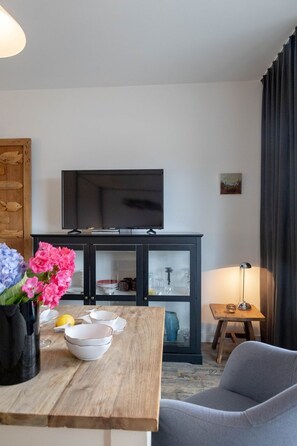 A modern living room with a flat-screen TV mounted on a dark cabinet, a dining table with white plates and a vase of flowers, a grey sofa, and a small wooden side table with a lamp. - Butter with the fishes - beach & city location, modern suite with swimming pool & balcony. (Sylt)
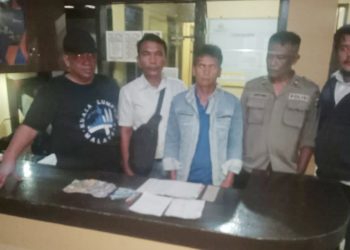 Kapolsek Raya AKP Alwan bersama personil mengapit pelaku judi Jhon Hitler Sijabat dan barang bukti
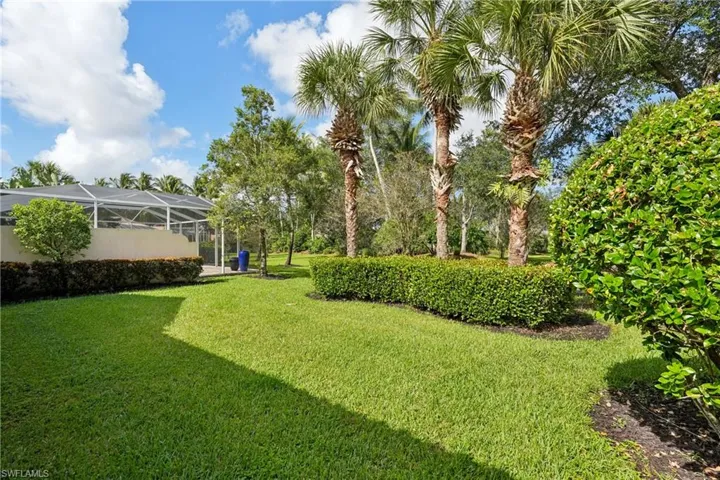 View of grassy yard featuring a sunroom and glass enclosure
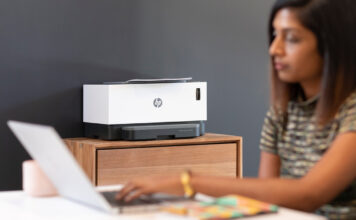 Woman on laptop with HP wireless printer in background.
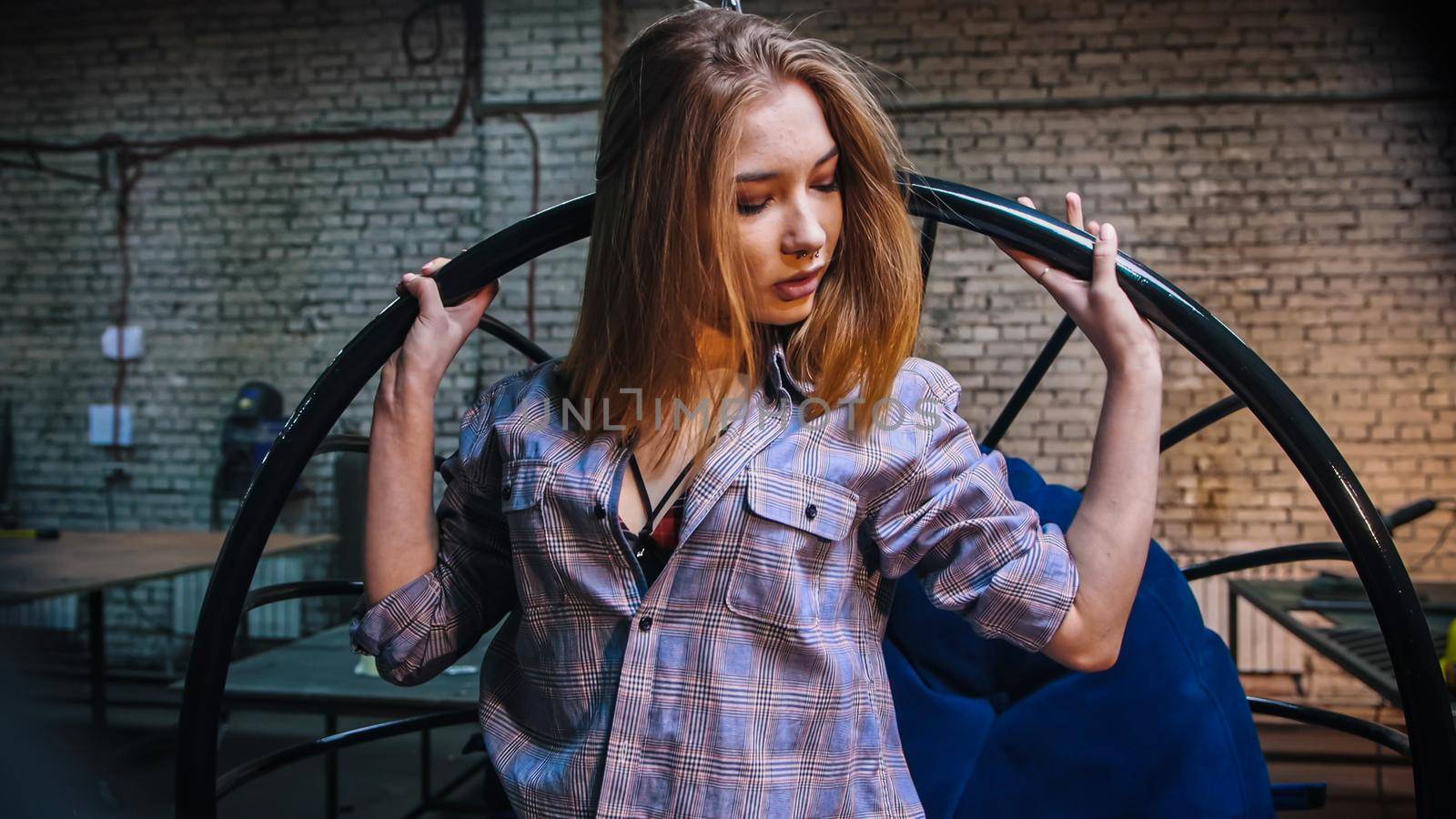 Young attractive woman in open shirt standing in workshop. Portrait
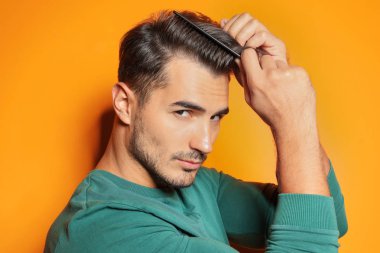 Renk arka plan üzerinde poz tarak ile genç adam. Son moda saç modeli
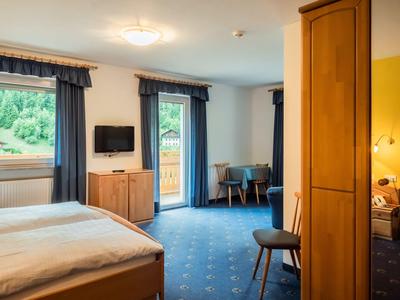 Hell eingerichtetes Hotelzimmer mit großen Fenstern, blauen Vorhängen und Teppichboden.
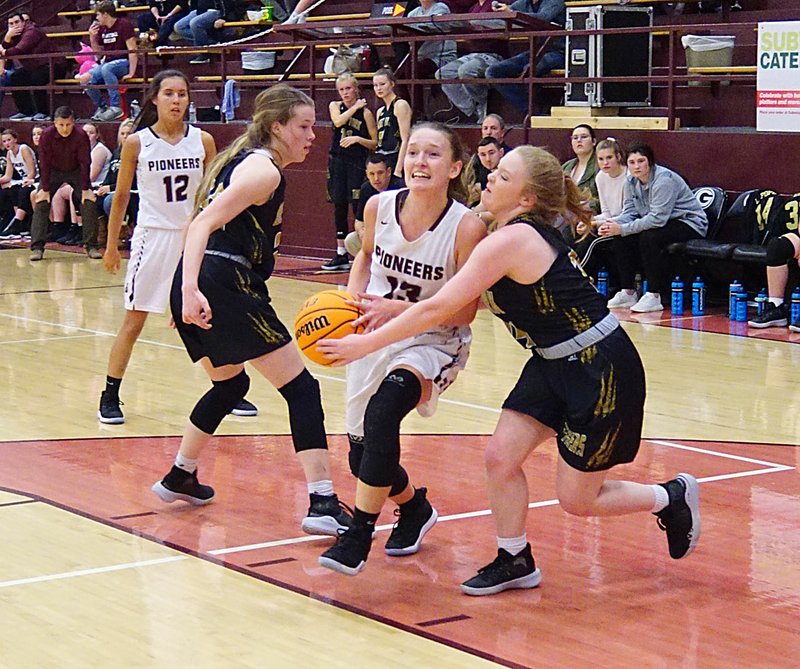 Westside Eagle Observer/RANDY MOLL Gentry senior Ariel Nix attempts to move the ball past West Fork defenders during play at Gentry High School on Dec. 3.
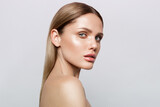 Fototapeta Panele - Beauty portrait of model with natural make-up. Fashion shiny highlighter on skin, sexy gloss lips make-up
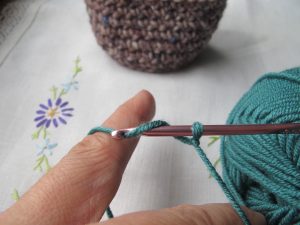Yarn over the crochet hook to make a chain stitch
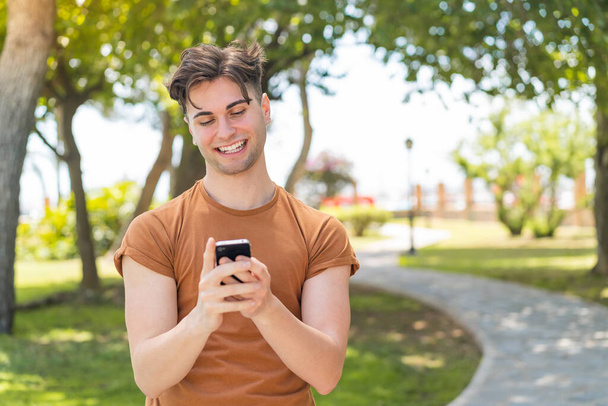 Joven hombre guapo enviando un mensaje con el móvil - Foto, Imagen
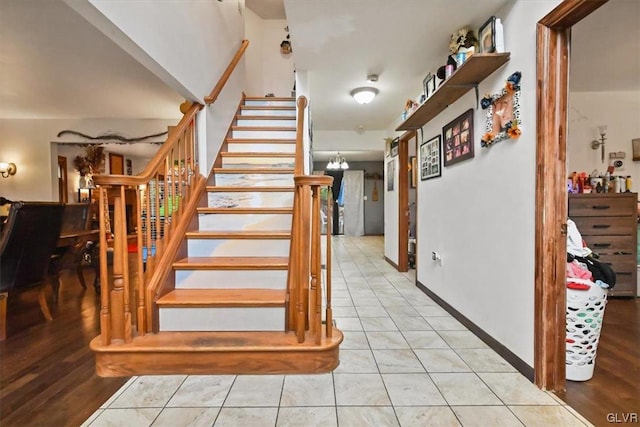 stairs with wood-type flooring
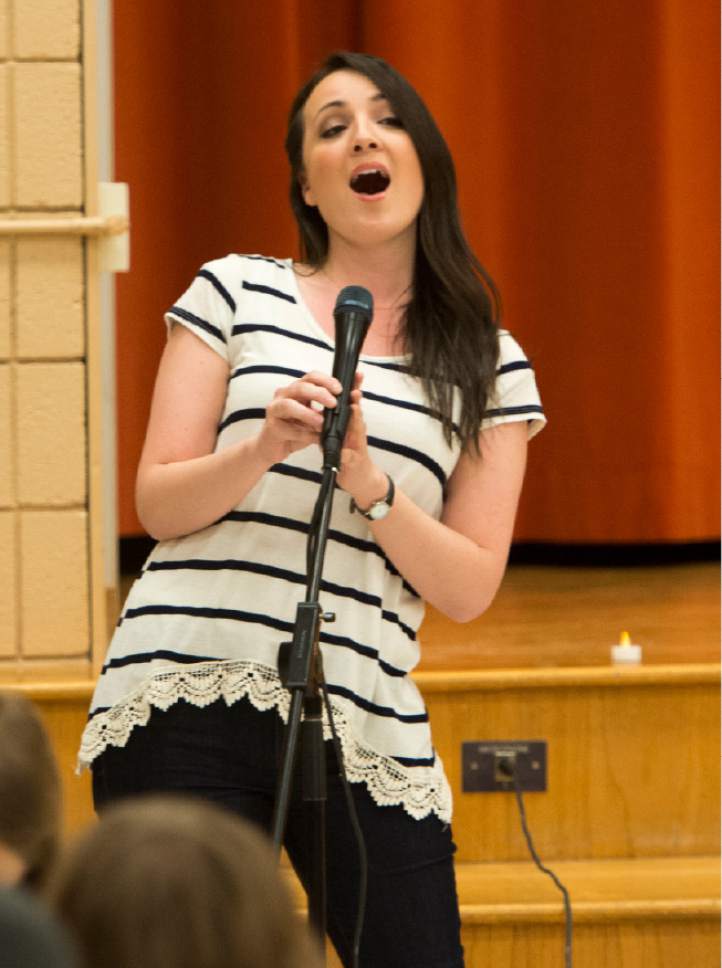 Rick Egan  |  The Salt Lake Tribune

Opera singer Julie Barker sings to students at Wasatch Elementary School in Salt Lake City during a pop-up opera, Friday, March 24, 2017.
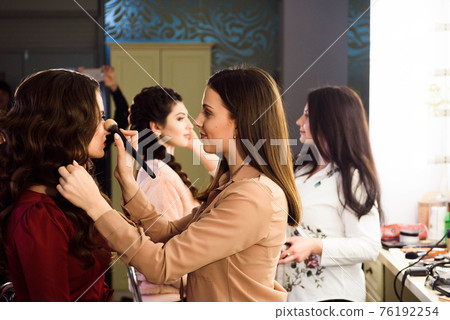 Process of making makeup. Make-up artist working with brush on model face. Portrait of young woman Process of making makeup. Make-up artist working with brush on model face. Portrait of young woman 76192254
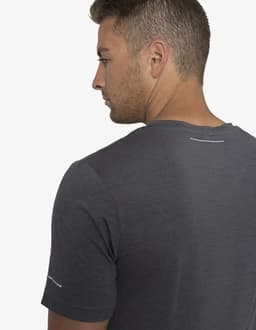 A grey T-shirt with short sleeves, featuring a logo on the back and a subtle design detail on the shoulder.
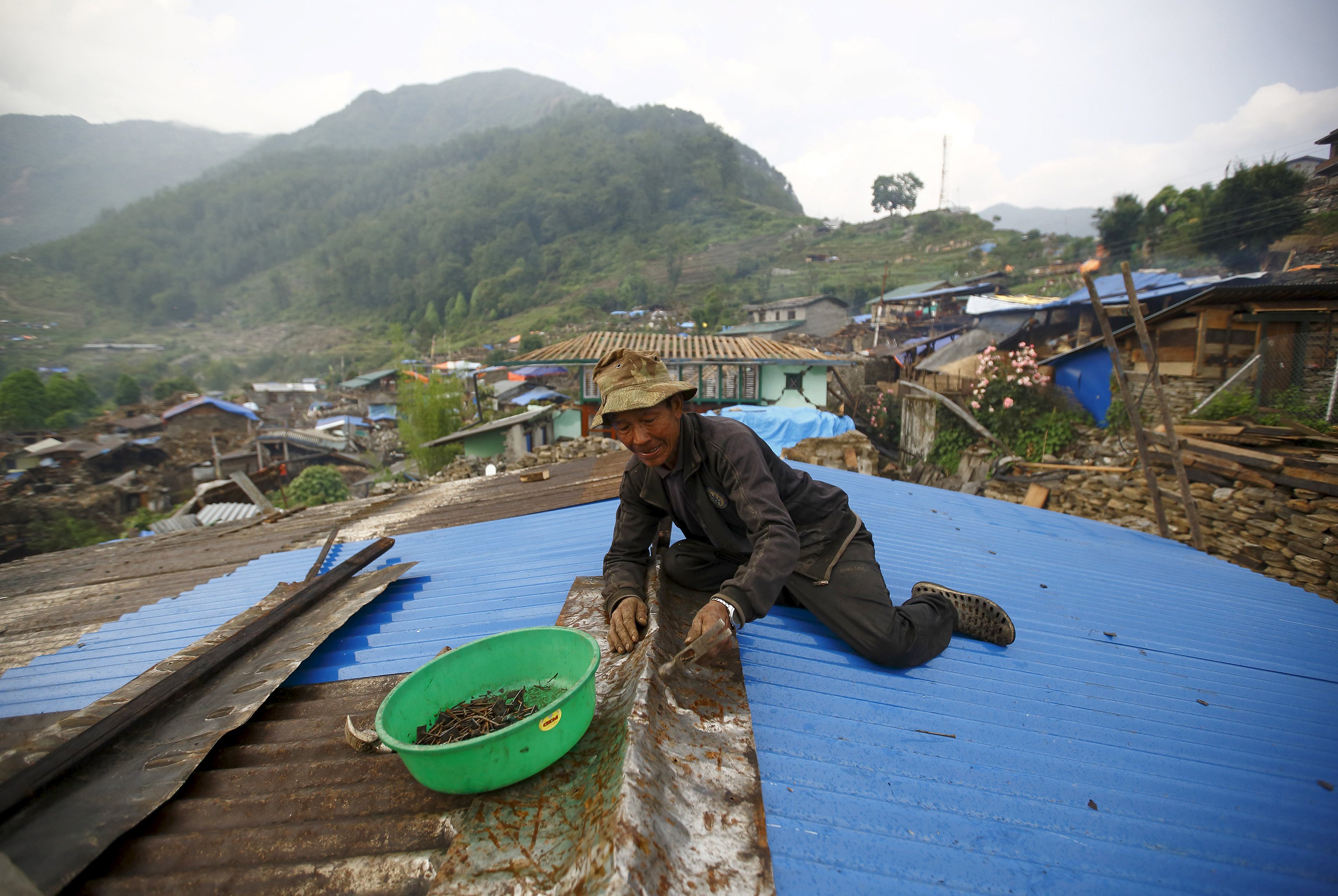 A man in Barpak village, in Nepal's Gorkha district, tries to repair the roof of his brother's house. Photo: Reuters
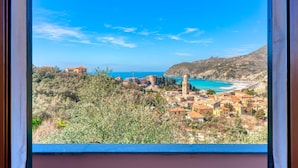 Una cittadina costiera con edifici, un cielo azzurro limpido e vista sul mare.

• _Task instructions_:
All of the data is to be returned exactly, with no pictures included.

• _Answer to this task_:
 A modern living room with a flat-screen TV mounted on a dark cabinet, a dining table with white plates and a vase of flowers, a grey sofa, and a small wooden side table with a lamp. - Butter with the fishes - beach & city location, modern suite with swimming pool & balcony. (Sylt)
 Kapolsek Raya AKP Alwan bersama personil mengapit pelaku judi Jhon Hitler Sijabat dan barang bukti
 View of grassy yard featuring a sunroom and glass enclosure
 Woman on laptop with HP wireless printer in background.
 Young attractive woman in open shirt standing in workshop. Portrait
 Renk arka plan üzerinde poz tarak ile genç adam. Son moda saç modeli
 Hell eingerichtetes Hotelzimmer mit großen Fenstern, blauen Vorhängen und Teppichboden.
 Westside Eagle Observer/RANDY MOLL Gentry senior Ariel Nix attempts to move the ball past West Fork defenders during play at Gentry High School on Dec. 3.
 Fototapeta Panele - Beauty portrait of model with natural make-up. Fashion shiny highlighter on skin, sexy gloss lips make-up
Yarn over the crochet hook to make a chain stitch
 Joven hombre guapo enviando un mensaje con el móvil - Foto, Imagen
 stairs with wood-type flooring
 Rick Egan  |  The Salt Lake Tribune

Opera singer Julie Barker sings to students at Wasatch Elementary School in Salt Lake City during a pop-up opera, Friday, March 24, 2017.
 Process of making makeup. Make-up artist working with brush on model face. Portrait of young woman Process of making makeup. Make-up artist working with brush on model face. Portrait of young woman 76192254
 A grey T-shirt with short sleeves, featuring a logo on the back and a subtle design detail on the shoulder.
 A man in Barpak village, in Nepal's Gorkha district, tries to repair the roof of his brother's house. Photo: Reuters
 Una cittadina costiera con edifici, un cielo azzurro limpido e vista sul mare.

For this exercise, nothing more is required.